1Ki 18:17-18 When Ahab saw Elijah, Ahab said to him, “Is it you, you troubler of Israel?” (18) And he answered, “I have not troubled Israel, but you have, and your father’s house, because you have abandoned the commandments of the LORD and followed the Baals.
When I arrived as a new pastor at Christ Reformation Church here in Tillamook (back then it was called Idaville Bible Church), I had a real mess confronting me. What had paraded as a fine, loving, Christian church when I came to candidate as a pastoral applicant, turned out to be anything but. There were a few genuine Christians in the mix, most of whom are still with us. But the majority were unregenerate people who had been assured in years past that they were surely saved and that, after all, Christians are just sinners who we have to be patient with no matter how ornery they might be. Yeah.
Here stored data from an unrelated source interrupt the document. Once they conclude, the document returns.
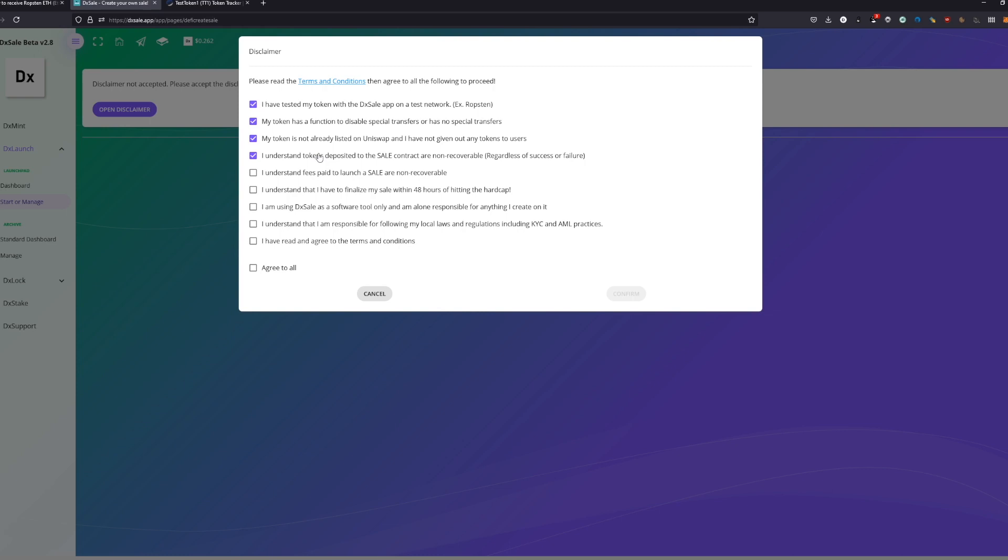As soon as you deposit the tokens, we cannot refund them to you because we basically don't have access to this contract. The presale contract, I will show you later, we don't have access. Nobody has access. It's a renounced contract. Nobody has access to these tokens.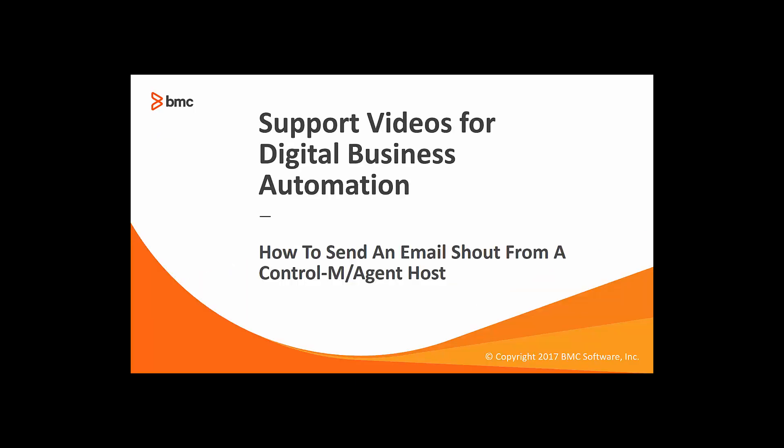Welcome to the support videos for Digital Business Automation video series. This video will show you how to send an email shout from a Control-M agent host.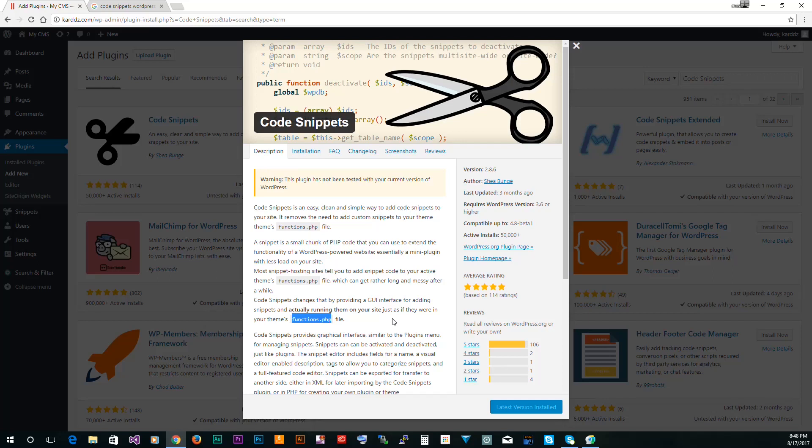Now if you don't know what you're doing or you don't know PHP or you did not test the code that you added to this file, you can lock yourself out so you won't be able to access WordPress. Trust me, it happened to me before.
There was a lady in the congregation who was a skilled pianist and she had risen to the positions of pianist and choir director. The music minister if you like (though informally). This lady was impossible to work with and she made that plain right from the start. “I don’t go to committee meetings. The music is my area and I don’t need any help.” Boom. In other words, here was a person who was designing a significant part of the worship services but who refused to work together with anyone, including and perhaps especially the pastor.
It wasn’t long before I learned that she was a very nasty person and she had a reputation for that nastiness. Her own adult son took me aside once, trying to get me to “just be patient with her” because, as he said, “we all know that my mother is a bitter person.” It wouldn’t be long before he hated me as well.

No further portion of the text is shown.